We had stew chicken and rice. It was pretty good.
After that, William drove us into Belize City, where we picked a hotel on the waterfront — a large, old building with a wrap around porch. There were tons of blue crabs in all the flower beds out front, and I spent a lot of time watching them scuttle into their holes and then slowly, slowly creep out again when they thought I had gone. But I hadn’t. I was still there, watching them.
We had the attic room, which was huge and had a little porch-type dormer that extended out from the room and had big picture windows overlooking the sea. It was really nice, except that the floor of it was completely collapsed around the edges, such that if you didn’t notice in time, you would plummet to your death, taking the flooring with you. William would have spotted that part right off.
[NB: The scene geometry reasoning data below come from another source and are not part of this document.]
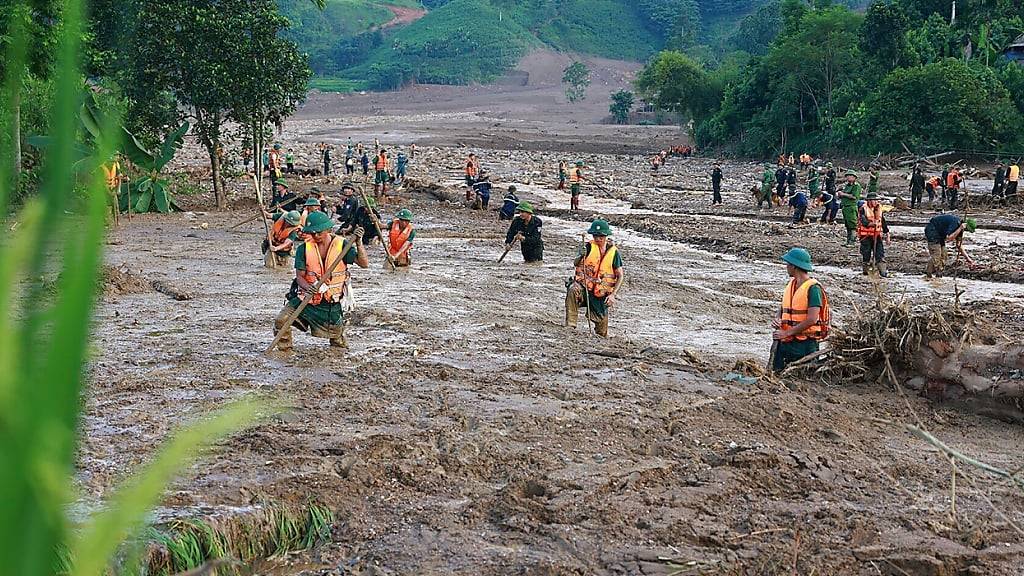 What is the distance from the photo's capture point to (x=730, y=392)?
9.53 metres

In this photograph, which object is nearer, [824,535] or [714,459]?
[824,535]

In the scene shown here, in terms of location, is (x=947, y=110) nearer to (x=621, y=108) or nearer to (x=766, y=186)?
(x=766, y=186)

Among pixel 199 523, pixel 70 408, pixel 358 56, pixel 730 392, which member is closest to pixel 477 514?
pixel 199 523

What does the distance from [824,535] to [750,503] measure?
0.60 metres

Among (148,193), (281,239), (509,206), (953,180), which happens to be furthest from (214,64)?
(953,180)

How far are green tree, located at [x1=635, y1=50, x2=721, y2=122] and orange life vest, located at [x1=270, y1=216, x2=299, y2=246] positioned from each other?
2152 inches

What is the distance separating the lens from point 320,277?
33.9 feet

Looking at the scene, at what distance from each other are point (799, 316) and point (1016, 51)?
48054 mm

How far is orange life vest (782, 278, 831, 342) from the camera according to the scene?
964 centimetres

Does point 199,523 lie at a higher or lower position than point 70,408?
lower

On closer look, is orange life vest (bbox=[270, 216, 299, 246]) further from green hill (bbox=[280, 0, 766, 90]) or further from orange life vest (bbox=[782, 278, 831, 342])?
green hill (bbox=[280, 0, 766, 90])

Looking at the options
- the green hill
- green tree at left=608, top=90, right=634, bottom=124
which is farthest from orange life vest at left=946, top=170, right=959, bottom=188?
the green hill

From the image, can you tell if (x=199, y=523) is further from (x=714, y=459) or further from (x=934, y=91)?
(x=934, y=91)

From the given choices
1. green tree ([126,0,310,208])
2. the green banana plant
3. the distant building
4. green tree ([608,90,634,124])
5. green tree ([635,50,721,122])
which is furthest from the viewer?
green tree ([608,90,634,124]) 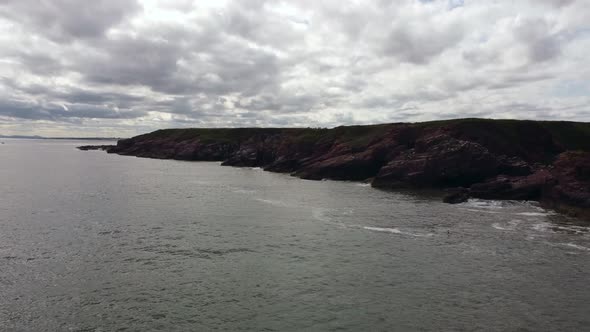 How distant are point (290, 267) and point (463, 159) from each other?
192ft

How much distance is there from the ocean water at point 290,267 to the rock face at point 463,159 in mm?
7768

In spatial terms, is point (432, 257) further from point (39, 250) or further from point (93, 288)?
point (39, 250)

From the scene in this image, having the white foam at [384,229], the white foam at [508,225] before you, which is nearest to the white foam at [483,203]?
the white foam at [508,225]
We took a walk toward town, but we ended up getting tailed by a loquacious street person who looked like the last surviving Deadhead and who really, really wanted to give us a tour of the city. We kept going around several streets only to run into this guy again. Also, everything was closed because it was Labour Day weekend, and the streets were pretty deserted. Eventually, we gave up and headed back to the hotel, and on the other side of it, we found a little outdoor snack bar that was open, so we sat there and had a couple beers. The server told us that they were a new establishment and her boss was making them stay open 24/7 over the Labour Day holiday in hopes of capturing business. So far, the strategy did not appear to be working.
After that, we took showers and hung out a bit, and then we went to a seafood restaurant nearby, which was mediocre, and then we had a couple more drinks at an outdoor bar and went to bed.
The next day was our final day in Belize. We woke to a violent storm, and so had breakfast in the hotel restaurant while we watched the rain lash down into the ocean. By the time we’d finished, it had cleared up, so we picked up our aborted walk from the night before and went down into town and had a look at the swing bridge.
Walking around Belize City is intimidating; the city seems to be mostly full of gangs of young men hanging out in doorways, ogling and harassing passing women. So, just like most large American cities.
By the time we got back to our hotel, it was time to pack up and go to the airport, alas. I’m usually ready to go home by the end of my travels, but I wasn’t this time. I don’t think either of us were.